Mixed views on Arla’s price hold

ARLA‘S DECISION to hold its milk price until Apr 1 has provoked a mixed reaction from farm leaders.

The dairy processor announced last Fri (Dec 17) that it had decided to maintain its present milk price “in recognition of the current difficulties faced by farmers”.

The NFU described the move as “welcome as a step towards better market conditions”.

Tim Bennett, union president, said: “The constant tit-for-tat price battles have to stop. There is upward cost pressure on farmers and processors, which means retailers and others must accept that price increases will have to happen.”

Malcolm Smith, chief executive of Dairy Farmers of Britain, said he was delighted to hear that Arla was going to maintain its milk price.

He was also pleased that it had acknowledged there were considerable inflationary cost pressures on farmers which must be reflected in the milk prices paid by milk processors‘ customers.  

“DFB has for some weeks been calling for the industry to focus on achieving sustainable pricing for all which, with the current cost inflation pressure, should mean price increases through the supply chain of approximately 3p/litre.”

But NFU Scotland‘s president John Kinnaird was less impressed by Arla‘s statement.

“Not a single dairy farmer in Scotland will welcome an announcement which says the milk price is going to stay where it is,” he said. “The milk price should be going up.”

Farmers For Action chairman David Handley agreed and said that he was angry the NFU had endorsed Arla‘s position.

“There is no justification for a price freeze, just as there is no justification for a price cut.
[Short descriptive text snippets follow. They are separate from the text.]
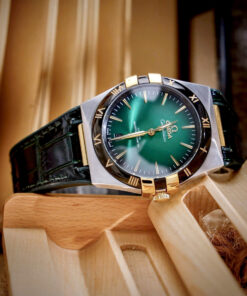 Đồng hồ Omega Constellation nam mặt xanh lá dây da fake cao cấp 41mm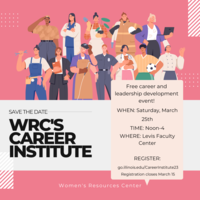 illustrations of diverse women-identified people across industries WRC's Career Institute free career and leadership event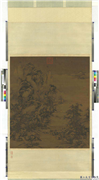 宋人岷山晴雪　轴,绘画,山水,树木,人物,走兽,建筑,器用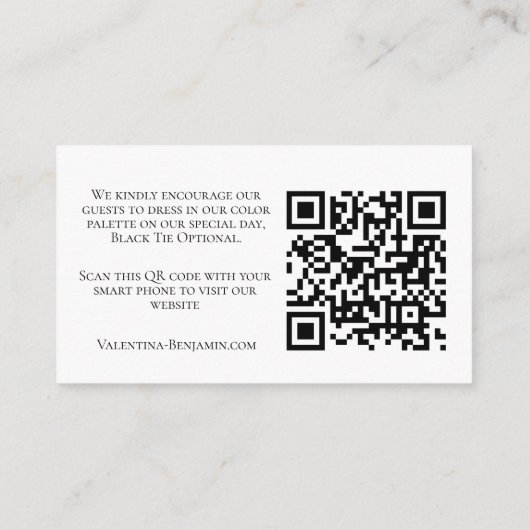 Carte D'accompagnement Code vestimentaire de la tenue mariage insérer le  (Dos)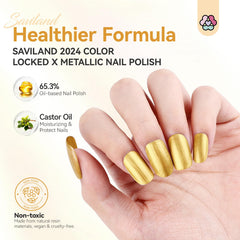 SAVILAND Esmalte dorado metálico, secado rápido para uñas listas en minutos.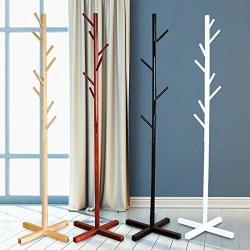 ZWH-Coat rack Floor Standing Hat and Coat Coat Rack Clothes Hat Tree Stand Hanger Solid Wood Bedroom Creative Home Single Pole (Color : Dark Coffee)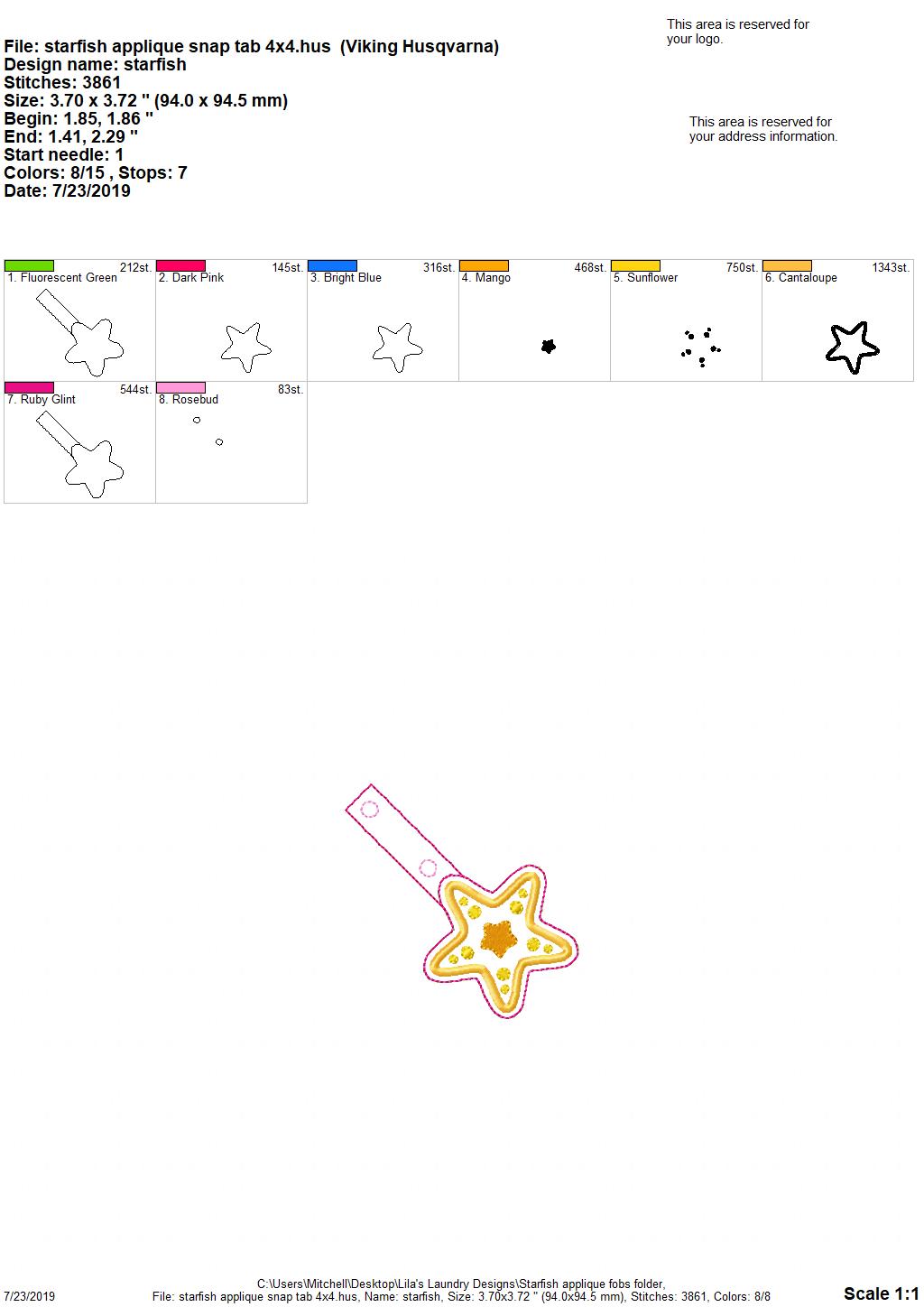 Starfish Applique Fobs - DIGITAL Embroidery DESIGN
The union shouldn’t have agreed with Arla,” he said. 

Mr Handley, who attended a meeting with Arla and Asda on Mon (Dec 20), added that he had told both companies that farmers would be seeking to get the price paid for raw milk up by 3p/litre, which would reflect rising costs.

“FFA is going to encourage the three milk co-ops to put in for a minimum increase of 3p/litre to all their milk processors and customers.

“They and all other industry leaders know, due to cost increases, this is now needed for the dairy industry to survive,” he said.

The 3p/litre could be split between farmers and processors who were also feeling the pinch, he added.